5.2.2 The dictionary by linguists
We prepared a Bora pronunciation dictionary, bora_dict.txt
, for the list of words collected by Jose.
Each word in this dictionary is transcribed in IPA, with individual IPA symbols separated by spaces and a tab character separating the word from its transcription.
<oov> oov
{LG} spn
{SL} sil
aabéváa aː p é b âː
aacu aː kʰ u
aamédítyuváa aː m é t í tʲʰ u b âː
aaméne aː m é n e
aaméváa aː m é b âː
aamɨ́nema aː m ɨ́ n e m a
aanévané aː n é b a n é
aanéváa aː n é b âː
aaúváa aː ú b âː
acháháchá a t͡sʲʰ á ʔ á t͡sʲʰ á
adówatu a t ó k͡p a tʰ u
adówááñé a t ó k͡p áː ɲ é
ahdújucóváa a ʔ t ú h u kʰ ó b âː
ajchóta a h t͡sʲʰ ó tʰ a
allúrí a t͡sʲ ú r í
...
Then we can clean up the project repository.
The bora_corpus/
repository contains both the sound files and their corresponding input transcriptions.
A tgs/
repository is added to house the output TextGrids.
.
├── bora
... ├── bora_dict.txt
├── wordlist.txt
├── create_input_tgs_from_wordlists.py
├── create_input_tgs_with_sils.praat
├── ...
├── tgs # for output TextGrids
└── bora_corpus
├── 01_sp_Panduro_BOR001_20250203_001.wav
├── 01_sp_Panduro_BOR001_20250203_001.TextGrid
├── 01_sp_Panduro_BOR001_20250203_002.wav
├── 01_sp_Panduro_BOR001_20250203_002.TextGrid
└── ...
5.3 Training acoustic models using MFA
Before we start, use the mfa validate
command to look through the training corpus, bora_corpus/
in our case, and to make sure that the dataset is in the proper format for MFA.
mfa validate --clean --single_speaker bora_corpus bora_dict.txt --output_directory ~/Wip/bora
The output of this command reports on aspects of the training corpus including the number of speakers, the number of utterances, the total duration, the missing transcriptions or audio files if any, the Out of Vocabulary (oov) items if any, etc.
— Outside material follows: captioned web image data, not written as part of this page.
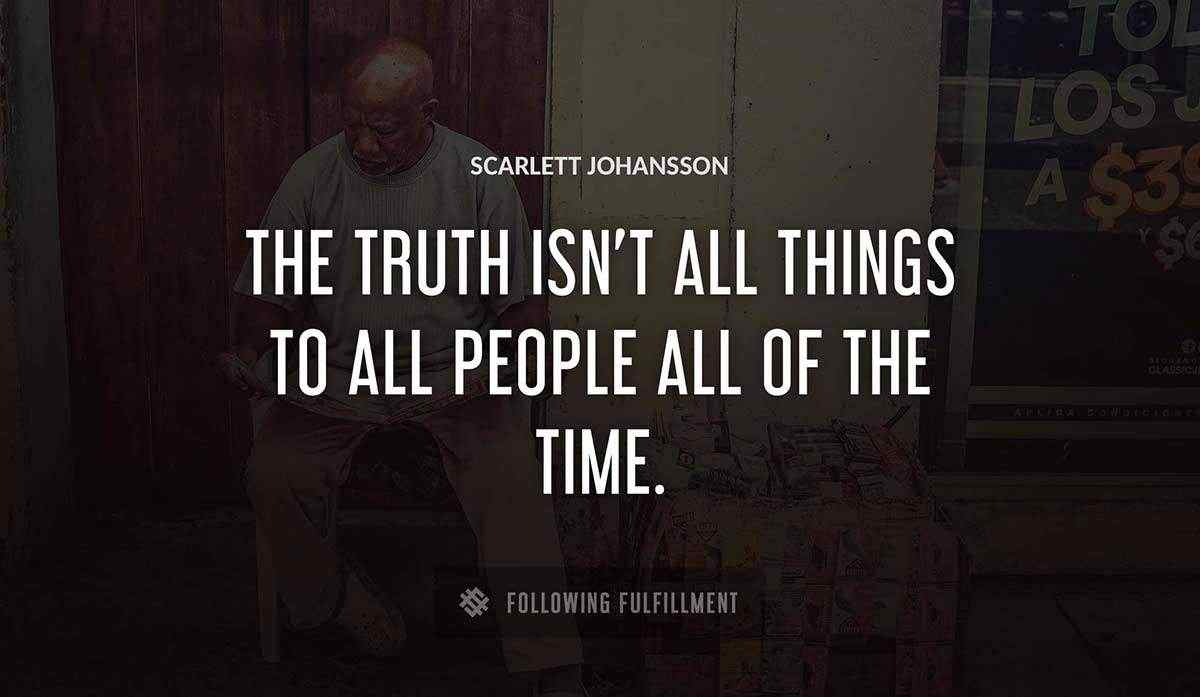the truth isn t all things to all people all of the time Scarlett Johansson quote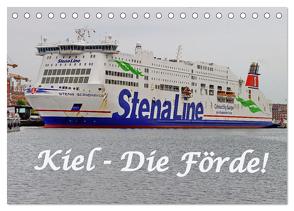 Kiel – Die Förde! (Tischkalender 2024 DIN A5 quer), CALVENDO Monatskalender von - BRA - ROLF BRAUN - OSTSEEFOTOGRAF,  RO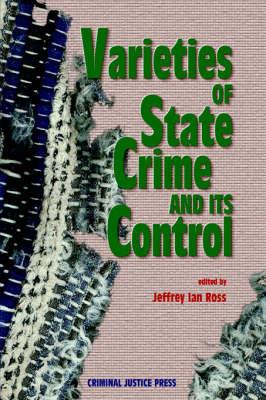 Varieties of State Crime and Its Control - Jeffrey Ian Ross,Jeffrey Ian Ross - cover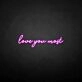 'Love you most' neon sign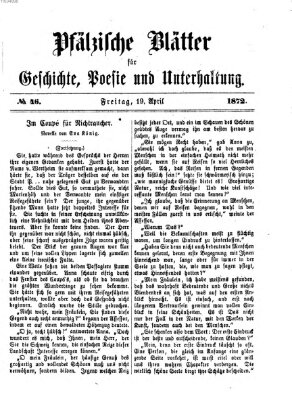 Pfälzische Blätter für Geschichte, Poesie und Unterhaltung (Zweibrücker Wochenblatt) Freitag 19. April 1872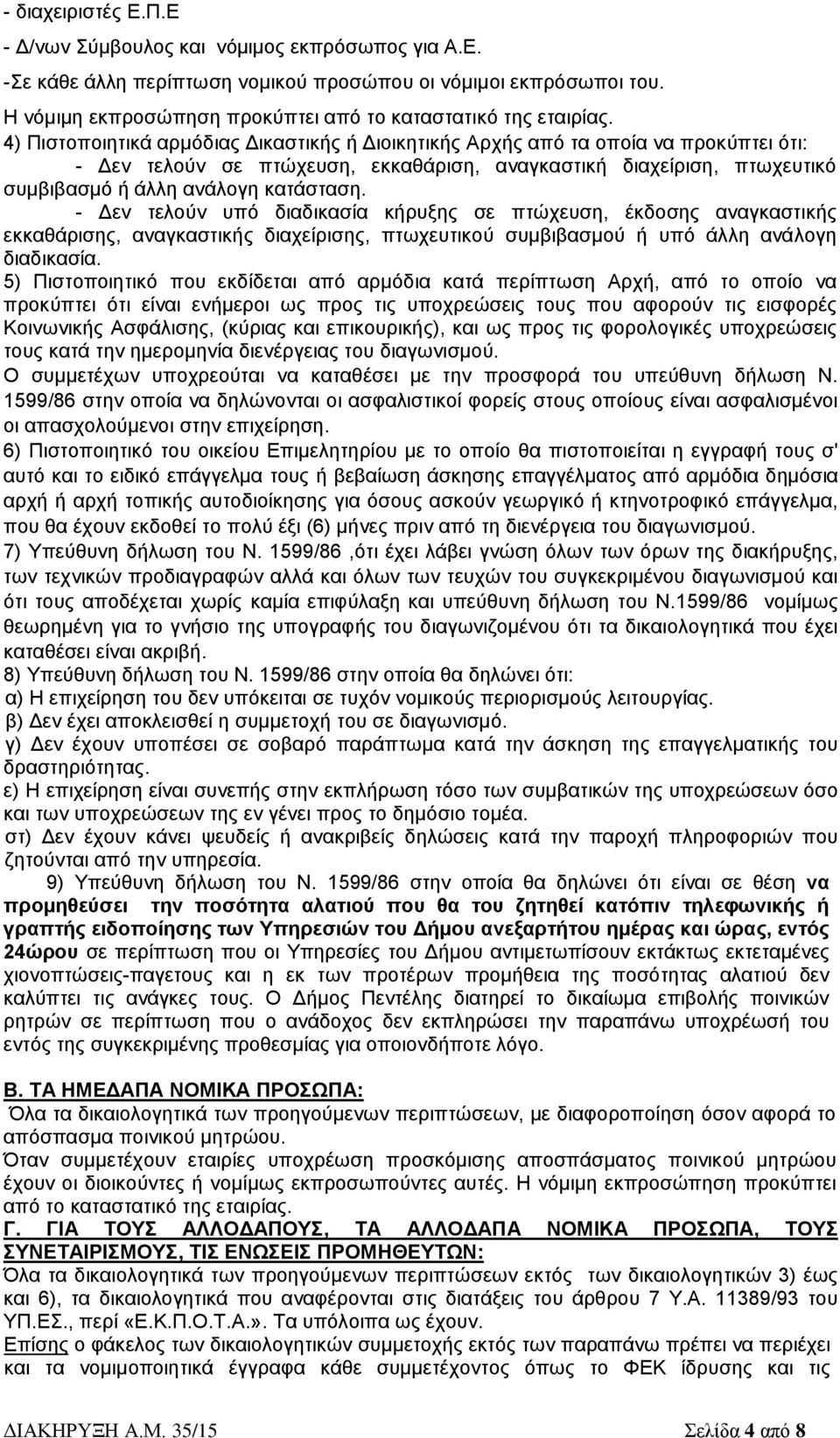 4) Πιστοποιητικά αρμόδιας Δικαστικής ή Διοικητικής Αρχής από τα οποία να προκύπτει ότι: - Δεν τελούν σε πτώχευση, εκκαθάριση, αναγκαστική διαχείριση, πτωχευτικό συμβιβασμό ή άλλη ανάλογη κατάσταση.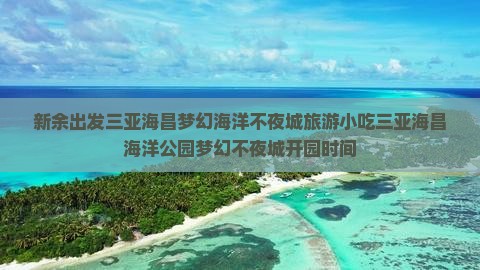 新余出发三亚海昌梦幻海洋不夜城旅游小吃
You can see some of the INFO lines printed in the Unix Shell as follows:
INFO Corpus
INFO 913 sound files
INFO 913 text files
INFO 1 speakers
INFO 1773 utterances
INFO 5584.087 seconds total duration
INFO Sound file read errors
INFO There were no issues reading sound files.
INFO Feature generation
INFO There were no utterances missing features.
INFO Files without transcriptions
INFO There were no sound files missing transcriptions.
INFO Transcriptions without sound files
INFO There were no transcription files missing sound files.
INFO Dictionary
INFO Out of vocabulary words
INFO There were no missing words from the dictionary. If you plan on using the a model
trained on this dataset to align other datasets in the future, it is recommended that
there be at least some missing words.
...
The above output indicates that we passed our data validation. If there are any missing files or the number of speakers is incorrect, you will need to fix the problems and run mfa validate
again. Oscillate between these two steps until you have validated your data.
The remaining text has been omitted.